November's Meeting will be Tuesday, November 17 at 2:00 pm.

The book for October is All the Light We Cannot See by Anthony Doerr

From Booklist
*Starred Review* A novel to live in, learn from, and feel bereft over when the last page is turned, Doerr’s magnificently drawn story seems at once spacious and tightly composed. It rests, historically, during the occupation of France during WWII, but brief chapters told in alternating voices give the overall—and long—­narrative a swift movement through time and events. We have two main characters, each one on opposite sides in the conflagration that is destroying Europe. Marie-Louise is a sightless girl who lived with her father in Paris before the occupation; he was a master locksmith for the Museum of Natural History. When German forces necessitate abandonment of the city, Marie-Louise’s father, taking with him the museum’s greatest treasure, removes himself and his daughter and eventually arrives at his uncle’s house in the coastal city of Saint-Malo. Young German soldier Werner is sent to Saint-Malo to track Resistance activity there, and eventually, and inevitably, Marie-Louise’s and Werner’s paths cross. It is through their individual and intertwined tales that Doerr masterfully and knowledgeably re-creates the deprived civilian conditions of war-torn France and the strictly controlled lives of the military occupiers.High-Demand Backstory: A multipronged marketing campaign will make the author’s many fans aware of his newest book, and extensive review coverage is bound to enlist many new fans. --Brad Hooper

Pulitzer Prize Winner 2014

Thursday, October 22, 2015

October's Book

The October Meeting will be Tuesday, October 27 at 2pm in room Y-233.

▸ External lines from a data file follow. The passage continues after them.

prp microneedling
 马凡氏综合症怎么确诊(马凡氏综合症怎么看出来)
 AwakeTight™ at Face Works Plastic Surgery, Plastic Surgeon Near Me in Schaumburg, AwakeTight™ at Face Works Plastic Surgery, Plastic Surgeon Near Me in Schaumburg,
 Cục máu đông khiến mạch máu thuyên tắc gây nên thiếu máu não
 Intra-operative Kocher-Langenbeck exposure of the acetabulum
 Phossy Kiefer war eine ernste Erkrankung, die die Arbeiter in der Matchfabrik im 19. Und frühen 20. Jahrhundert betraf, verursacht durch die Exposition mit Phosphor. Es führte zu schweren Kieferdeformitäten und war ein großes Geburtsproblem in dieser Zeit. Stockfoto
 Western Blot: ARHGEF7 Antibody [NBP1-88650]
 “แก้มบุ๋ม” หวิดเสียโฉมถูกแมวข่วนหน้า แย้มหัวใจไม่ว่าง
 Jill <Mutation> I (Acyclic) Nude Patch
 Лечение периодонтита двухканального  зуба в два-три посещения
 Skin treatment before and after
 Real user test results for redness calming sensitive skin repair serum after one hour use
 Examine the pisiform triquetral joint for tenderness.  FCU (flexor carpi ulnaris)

The Book for October is Americanah by Chimamanda Ngozi Adichie.

From Booklist: *Starred Review* To the women in the hair-braiding salon, Ifemelu seems to have everything a Nigerian immigrant in America could desire, but the culture shock, hardships, and racism she’s endured have left her feeling like she has “cement in her soul.” Smart, irreverent, and outspoken, she reluctantly left Nigeria on a college scholarship. Her aunty Uju, the pampered mistress of a general in Lagos, is now struggling on her own in the U.S., trying to secure her medical license. Ifemelu’s discouraging job search brings on desperation and depression until a babysitting gig leads to a cashmere-and-champagne romance with a wealthy white man. Astonished at the labyrinthine racial strictures she’s confronted with, Ifemelu, defining herself as a “Non-American Black,” launches an audacious, provocative, and instantly popular blog in which she explores what she calls Racial Disorder Syndrome. Meanwhile, her abandoned true love, Obinze, is suffering his own cold miseries as an unwanted African in London. MacArthur fellow Adichie (The Thing around Your Neck, 2009) is a word-by-word virtuoso with a sure grasp of social conundrums in Nigeria, East Coast America, and England; an omnivorous eye for resonant detail; a gift for authentic characters; pyrotechnic wit; and deep humanitarianism. Americanah is a courageous, world-class novel about independence, integrity, community, and love and what it takes to become a “full human being.” --Donna Seaman

Sunday, September 13, 2015

September's Book

September's Meeting will be Tuesday, September 29 at 2:00 pm.

The book for September is Orphan Train by Christina Baker Kline

From Library Journal - Kline's latest novel (after Bird in Hand) weaves contemporary and historical fiction into a compelling story about loss, adaptability, and courage. Molly is a rebellious 17-year-old foster child sentenced to community service for stealing a copy of Jane Eyre. She finds a position cleaning out the attic of Vivian, an elderly woman in their coastal Maine town. As Molly sorts through old trunks and boxes, Vivian begins to share stories from her past. Born in County Galway, she immigrated to New York City in 1929. When her family perished in a tenement fire, she was packed off on one of the many orphan trains intended to bring children to Midwestern families who would care for them. Each orphan's lot was largely dependent on the luck of the draw. In this, Vivian's life parallels Molly's, and an unlikely friendship blossoms. VERDICT With compassion and delicacy Kline presents a little-known chapter of American history and draws comparisons with the modern-day foster care system. Her accessible, interesting novel will appeal to readers who enjoy the work of Sara Donati. [See Prepub Alert, 10/22/12.]—Christine Perkins, Bellingham P.L., WA

Available from  The Alachua County Public Library.

Wednesday, August 19, 2015

August's Book

August's Meeting will be Tuesday, August 25 at 2:00 pm.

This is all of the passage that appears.